In 1748 kwamen de Barbaristen, de rederijkers van Asse, naar Liedekerke en vertoonden er het spel van Joas. De rederijkers van Asse deden hun intrede op een schoon gestoffeerde wagen getrokken door vijf paarden met fijn laken bekleed. De rederijkers van Liedekerke kwamen de Barbaristen tegen en boden hen erewijn aan en verwelkomden ze in rijm.

In de 19e eeuw werd er terug met toneel begonnen, zij het op primitieve basis. Op de eerste rij zaten de pastoor, de onderpastoor, de burgemeester en andere notabelen van het volk. De toegang was 1,5 fr.voor de voorste plaatsen, de middelste 1fr.en de laatsten 0,5 fr.

In 1914 scheurde een groep van de maatschappij St. Cecilia af en noemde zich toneelkring der maatschappij van de Hoppebloem. Tussen 1930 en 1955 werden telkenjare toneelfeesten ingericht in de Gildezaal door de Kajotsters. Met de opkomst van het nieuwe fenomeen, TV genaamd, verminderde de belangstelling voor toneel sterk. Tot De Waag terug de draad opnam in negentienhonderd vijf en zeventig.
Godsdienstig toneel te Liedekerke in de Middeleeuwen
Zoals in tal van steden en dorpen bestond ook te Liedekerke het gebruik bij een of ander kerkelijke plechtigheid een godsdienstig toneel in of voor de kerk op te voeren.

Hieromtrent komen stukken voor in het kerkarchief van Denderleeuw uit de 16e eeuw. Oude rekeningen lichten ons in nopens de werking van "den gulden van den alder zoetsten naeme Jhesu". Deze rekening wordt jaarlijks voorgedragen "den heere mijnheere van Liedekerke ende als hooftman van de zelver gulde, den prinse ende ander gemeene guldebroeders". De inkomsten en uitgaven worden er in opgetekend van "Sinte pieters ende Sinte pauwels daghe" tot het volgende jaar op dezelfde datum. De ontvangsten omvatten naast het overschot van vorig jaar de inkomsten "van renten, dootsculden en andersins" :een jaarlijkse rente van de heer van 2 pond 8 schellingen, samen met een gift van dezelfde 3 pond groot (1551): daarbij 12 pond van een losrente en verscheidene bijdragen van 4 schellingen. Voor 1549 bereikt men een totaal van 19 pond 5 sch. Groot : voor 1551: 21 pond 13 sch.groot; voor 1560: 3 pond 4 sch. groot.

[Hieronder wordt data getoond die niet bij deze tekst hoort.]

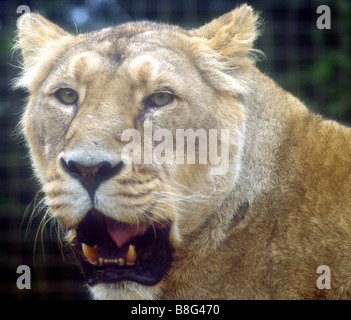 Close up di una femmina di leone Asiatico, vivere in cattività presso il locale zoo. Foto Stock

Vooral de uitgaven jeghens den voorn. Ontfanck vragen onze aandacht. Het gildefeest wordt gevierd op St. Pieters en Paul met een plechtige mis en een ton bier (24 scheil.) gevolgd van een smulpartij : 11betaelt van oncosten geschiedt inde maeltijd : 3 pond 10 scheil." en "voor een kanne biers gehaelt naer de maeltijd 4 scheil." Later (rek. 1587-1599) gaat de traditionele gildeviering door op het feest zelf van de Zoete Naam Jesus.

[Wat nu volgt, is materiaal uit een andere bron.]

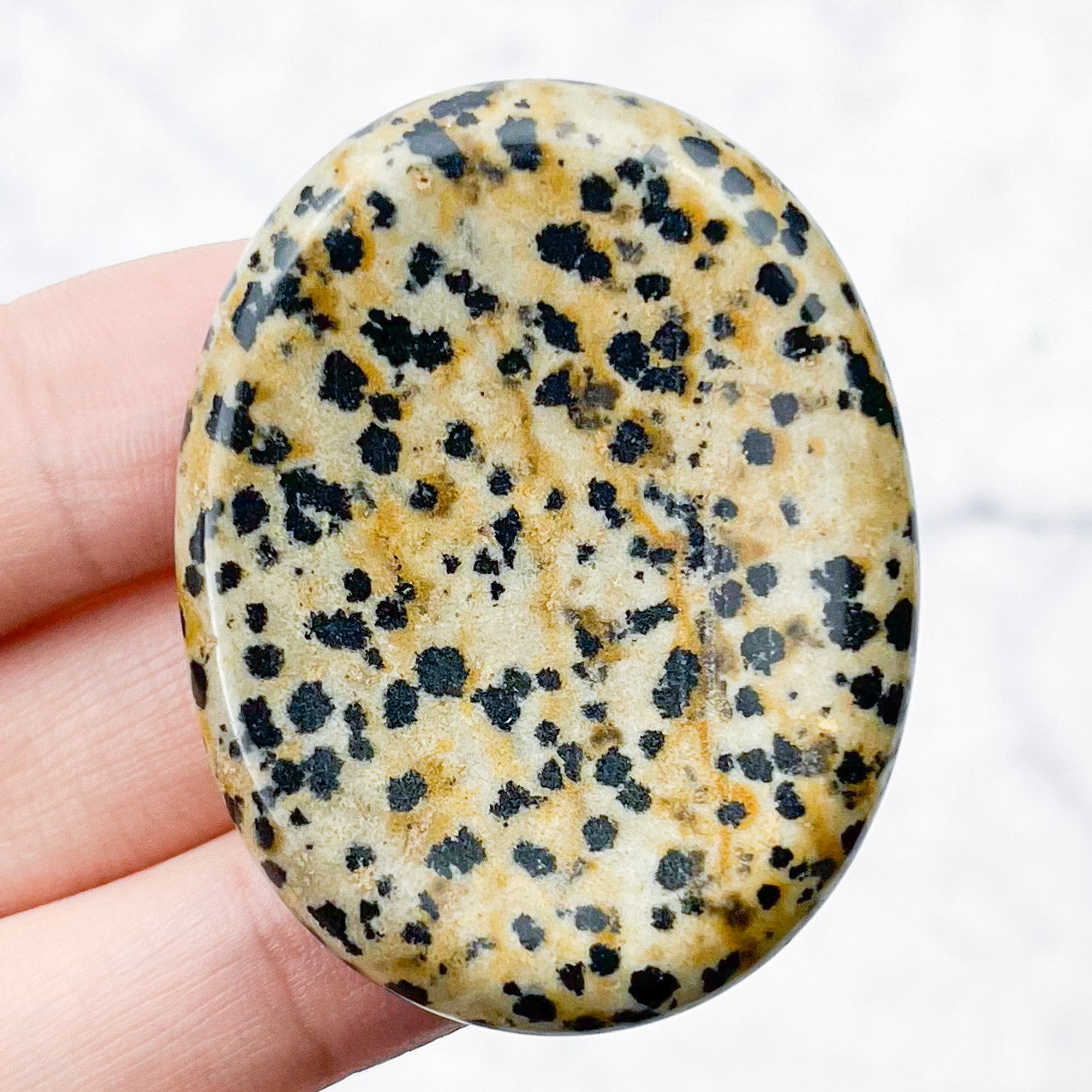 1.75 Inch Dalmatian Jasper Worry Stone M10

Maar de groep gaf zijn vertoningen op de 15e augustus (kerkwijding) en op H. Sacramentsdag : "betaelt te half ougst ende ter shelinchs Sacramentsdaghe als de gesellen gespeelt hadden telckens 30 scheil. groot= 3 pond groot". Het "tractement" van de spelers na de geslaagde opvoering! Een verhoog "een stellinge" was opgetimmerd geworden waarschijnlijk voor de kerk. Ook komt een uitgave voor "van tittels te schilderen 2 scheil. 5 gr." voor het toneel "voor het schilderen van het blassoen 20 scheil." {1598). In 1550 betaalde men "van twee duvels hoofden te doen halen ende an nagelen 3 schell.gr."

De koster was regisseur :"Bet. Den costere van Liedekerke van het spel gherolleert thebben en de tmaecken van de capytelbrieven- 2 p. 2 scheil . par" {1594).

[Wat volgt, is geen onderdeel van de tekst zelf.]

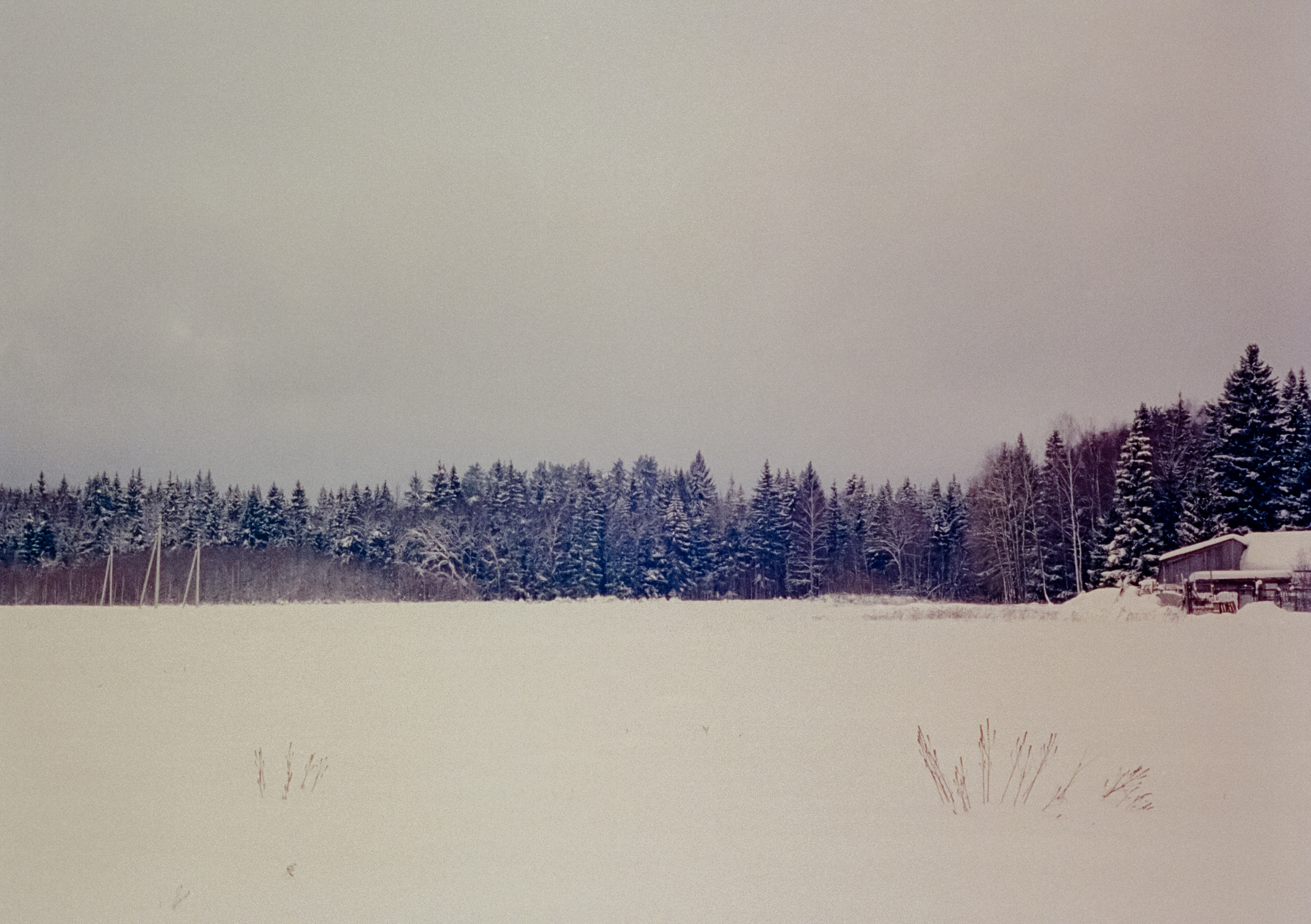 Olympus Pen EED / Kodak Vision 3 500T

De rekeningen over de jaren 1549-50 en 50-51 evenals die van 60-61 zijn goedgekeurd door de heer of zijn baljuw en door de pastoor van Liedekerke. In deze van 1560 bemerken wij dat ook de pastoor van Denderleeuw lid was van deze gilde : "onth. van dincampst ende dootscult van heer Adr .van den Bossche prochianen van Leeuwe 12 scheil. gr." evenals de samenvoeging van de gilde en de lazarij van Bakergem.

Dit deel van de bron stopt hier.